▶ **EXERCISE INSTRUCTIONS**:
Below are records; count the lines that contain "Girls" and state only that count.

━━━━━━━━

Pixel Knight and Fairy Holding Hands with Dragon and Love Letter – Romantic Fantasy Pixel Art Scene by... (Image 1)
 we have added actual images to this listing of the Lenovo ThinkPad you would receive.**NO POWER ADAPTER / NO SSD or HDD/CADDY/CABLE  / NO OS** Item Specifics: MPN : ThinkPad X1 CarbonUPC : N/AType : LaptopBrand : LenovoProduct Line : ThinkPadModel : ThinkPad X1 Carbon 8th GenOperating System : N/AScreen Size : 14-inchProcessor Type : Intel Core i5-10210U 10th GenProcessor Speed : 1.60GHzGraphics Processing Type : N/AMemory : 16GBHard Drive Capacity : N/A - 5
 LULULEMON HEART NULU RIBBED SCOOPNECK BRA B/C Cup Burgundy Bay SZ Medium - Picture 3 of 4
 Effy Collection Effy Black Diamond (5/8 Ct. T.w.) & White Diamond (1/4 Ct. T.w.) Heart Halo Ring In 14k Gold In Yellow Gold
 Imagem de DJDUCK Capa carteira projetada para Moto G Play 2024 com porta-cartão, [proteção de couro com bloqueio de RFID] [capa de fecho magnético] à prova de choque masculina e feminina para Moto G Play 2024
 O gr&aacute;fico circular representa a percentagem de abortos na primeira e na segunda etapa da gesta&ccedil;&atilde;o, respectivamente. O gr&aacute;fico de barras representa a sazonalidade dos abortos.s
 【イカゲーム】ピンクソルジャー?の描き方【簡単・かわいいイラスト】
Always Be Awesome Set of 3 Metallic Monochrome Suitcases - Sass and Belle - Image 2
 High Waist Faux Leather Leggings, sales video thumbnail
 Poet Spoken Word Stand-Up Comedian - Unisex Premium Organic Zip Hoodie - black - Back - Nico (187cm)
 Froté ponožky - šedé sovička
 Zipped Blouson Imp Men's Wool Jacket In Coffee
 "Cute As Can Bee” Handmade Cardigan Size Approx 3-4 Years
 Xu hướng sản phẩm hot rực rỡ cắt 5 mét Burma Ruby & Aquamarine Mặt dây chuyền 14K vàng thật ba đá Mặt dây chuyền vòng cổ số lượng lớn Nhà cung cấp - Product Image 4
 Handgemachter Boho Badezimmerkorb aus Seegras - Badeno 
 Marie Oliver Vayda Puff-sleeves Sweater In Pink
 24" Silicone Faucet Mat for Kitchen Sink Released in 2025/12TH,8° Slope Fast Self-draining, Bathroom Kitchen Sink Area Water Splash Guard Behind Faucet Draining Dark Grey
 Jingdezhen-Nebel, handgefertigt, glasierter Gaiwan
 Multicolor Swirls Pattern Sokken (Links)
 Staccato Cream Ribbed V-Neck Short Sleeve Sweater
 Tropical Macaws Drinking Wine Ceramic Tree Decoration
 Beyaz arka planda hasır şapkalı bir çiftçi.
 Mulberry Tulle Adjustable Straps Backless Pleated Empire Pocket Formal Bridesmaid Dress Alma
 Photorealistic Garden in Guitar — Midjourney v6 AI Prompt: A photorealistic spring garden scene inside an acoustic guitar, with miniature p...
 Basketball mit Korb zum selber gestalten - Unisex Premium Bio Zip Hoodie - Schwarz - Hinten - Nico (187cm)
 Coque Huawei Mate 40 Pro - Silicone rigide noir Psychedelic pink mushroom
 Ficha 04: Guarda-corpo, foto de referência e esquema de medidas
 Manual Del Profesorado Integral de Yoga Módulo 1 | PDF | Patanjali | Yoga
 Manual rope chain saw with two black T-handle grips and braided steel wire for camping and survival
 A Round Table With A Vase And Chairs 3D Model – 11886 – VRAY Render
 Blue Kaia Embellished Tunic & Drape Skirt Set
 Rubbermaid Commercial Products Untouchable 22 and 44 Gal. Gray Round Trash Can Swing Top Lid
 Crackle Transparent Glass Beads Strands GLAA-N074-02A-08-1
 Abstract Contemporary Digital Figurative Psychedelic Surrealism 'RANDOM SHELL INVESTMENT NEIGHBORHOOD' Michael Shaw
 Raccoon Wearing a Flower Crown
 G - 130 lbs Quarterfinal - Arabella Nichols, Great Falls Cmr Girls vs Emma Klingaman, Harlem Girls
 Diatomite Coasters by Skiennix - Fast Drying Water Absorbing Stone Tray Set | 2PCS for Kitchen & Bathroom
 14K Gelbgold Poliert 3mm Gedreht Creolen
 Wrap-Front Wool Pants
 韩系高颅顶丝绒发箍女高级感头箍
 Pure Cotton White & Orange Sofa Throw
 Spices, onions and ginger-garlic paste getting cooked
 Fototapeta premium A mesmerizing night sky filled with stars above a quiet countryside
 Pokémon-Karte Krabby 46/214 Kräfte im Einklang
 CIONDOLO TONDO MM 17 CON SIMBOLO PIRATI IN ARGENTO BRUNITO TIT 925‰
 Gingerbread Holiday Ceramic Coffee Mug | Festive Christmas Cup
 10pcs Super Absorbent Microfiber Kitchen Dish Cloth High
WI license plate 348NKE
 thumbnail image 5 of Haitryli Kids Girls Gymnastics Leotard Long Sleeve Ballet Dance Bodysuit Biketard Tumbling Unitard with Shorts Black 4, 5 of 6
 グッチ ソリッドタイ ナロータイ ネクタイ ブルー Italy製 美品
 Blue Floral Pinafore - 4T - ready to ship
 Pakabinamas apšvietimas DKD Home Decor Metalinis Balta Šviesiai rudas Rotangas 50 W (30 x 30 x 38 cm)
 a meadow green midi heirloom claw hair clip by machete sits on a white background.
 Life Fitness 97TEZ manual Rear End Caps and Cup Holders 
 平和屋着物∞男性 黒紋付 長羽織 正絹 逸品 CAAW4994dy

━━━━━━━━

▶ **RESULT BELOW**:
2